A 4-ounce serving of cooked, roasted pork tenderloin contains approximately 162 calories, making it a notably low-calorie and high-protein choice. This guide breaks down exactly how many calories are in 4 ounces of pork tenderloin and other key nutritional information to help you plan a healthy meal.

Quick Summary

A 4-ounce portion of pork tenderloin contains approximately 162 calories when cooked. The total can change based on your cooking method and if the meat is raw or cooked.

Key Points

  • Calories in 4 oz Cooked Pork Tenderloin: A 4-ounce serving of cooked, roasted pork tenderloin contains roughly 162 calories.

  • Raw vs.
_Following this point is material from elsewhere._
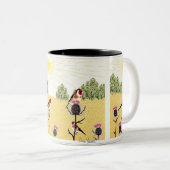 Goudvinken op distels tweekleurige koffiemok (Voorkant rechts)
Cooked Calories: Raw pork tenderloin has fewer calories per ounce (about 135 kcal for 4oz) than cooked because cooking removes moisture, concentrating the nutrients.

  • Excellent Source of Protein: With about 30 grams of protein per 4-ounce cooked serving, pork tenderloin is a fantastic way to support muscle growth and satiety.

  • Very Lean Meat: Pork tenderloin is comparable in leanness to a boneless, skinless chicken breast, making it a great option for low-fat diets.

  • Rich in B Vitamins: This cut of pork is an excellent source of essential B vitamins like thiamin, niacin, B6, and B12, important for energy and nerve health.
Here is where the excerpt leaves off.